━━ Data segment ━━
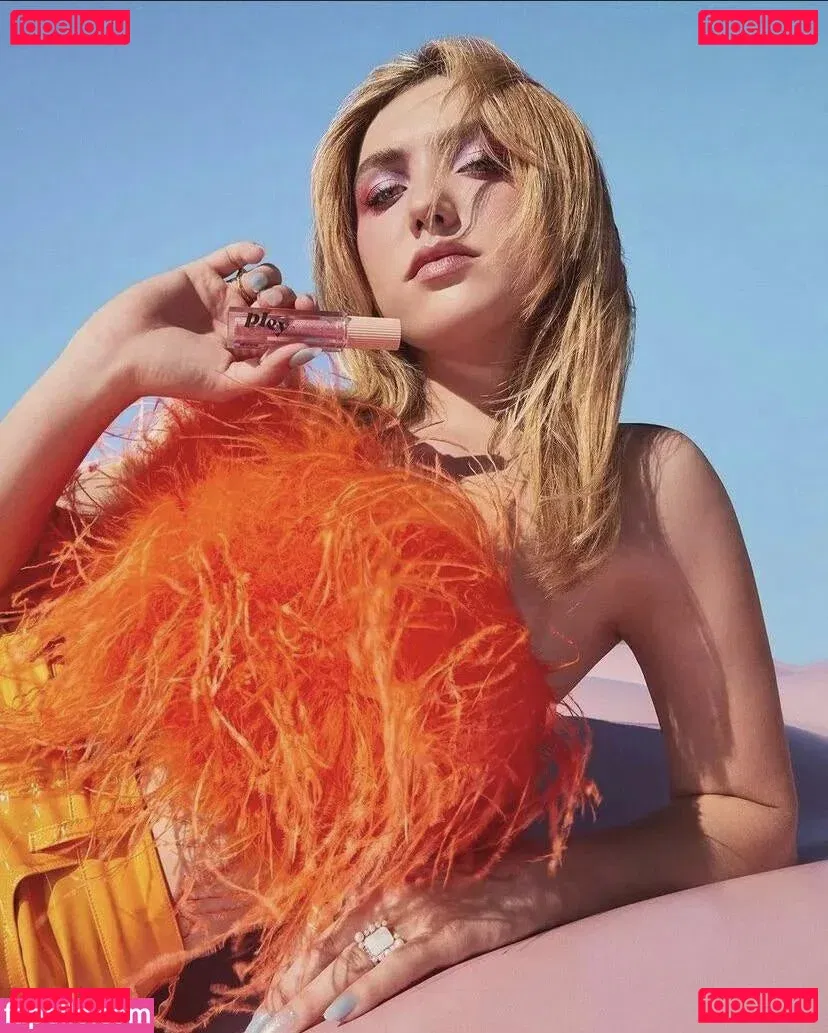 Peyton List Onlyfans Photo Gallery 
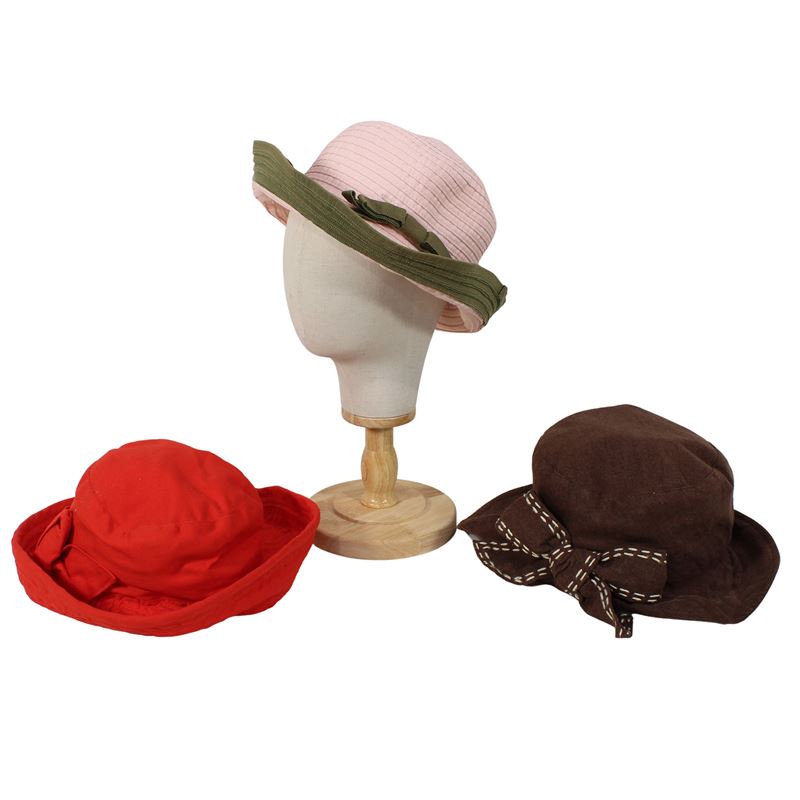 Tre cappelli  (Italia, XX Sec.)  - Asta ASTA A TEMPO Fashion Vintage - San Luca Casa d'Aste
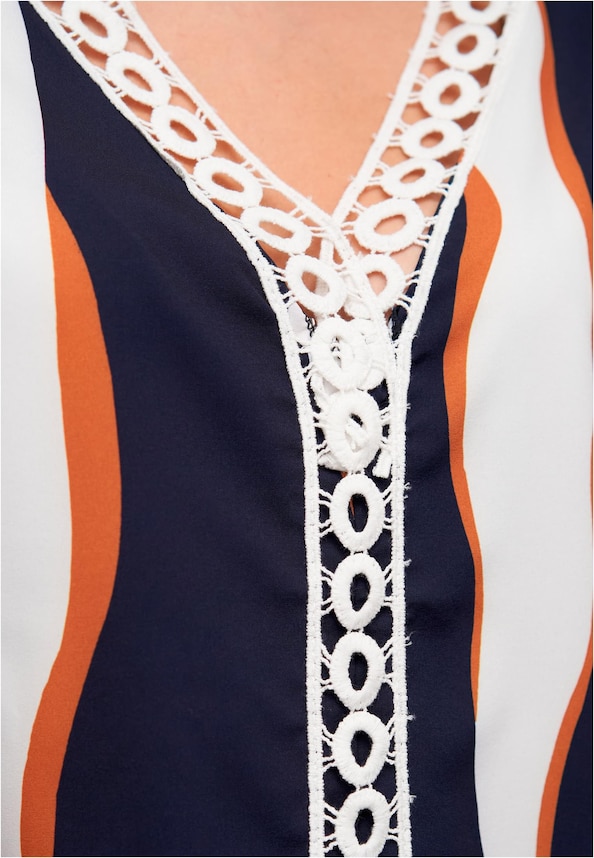 V-Neck Top mit Häkelbordüre und Wellen Print-5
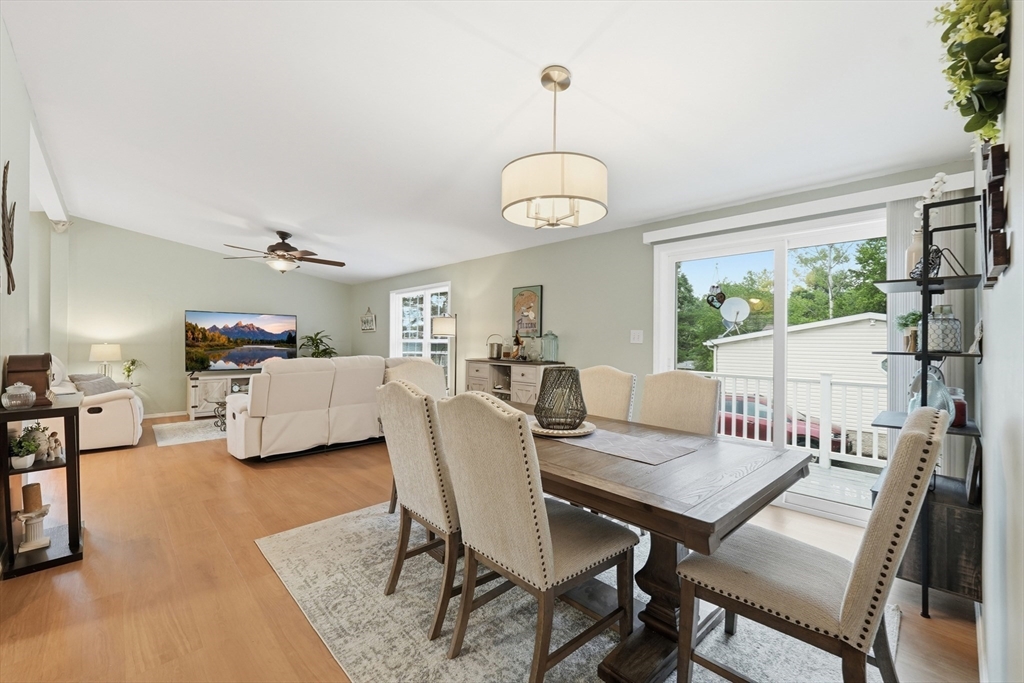41 Deer Run Brookfield, MA 01506 - Photo 4 of 21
━━━
• **Work task**
The pictures are not wanted, but every line of the listing should be duplicated exactly.

• **Result of this exercise**
 Peyton List Onlyfans Photo Gallery 
 Tre cappelli  (Italia, XX Sec.)  - Asta ASTA A TEMPO Fashion Vintage - San Luca Casa d'Aste
 V-Neck Top mit Häkelbordüre und Wellen Print-5
41 Deer Run Brookfield, MA 01506 - Photo 4 of 21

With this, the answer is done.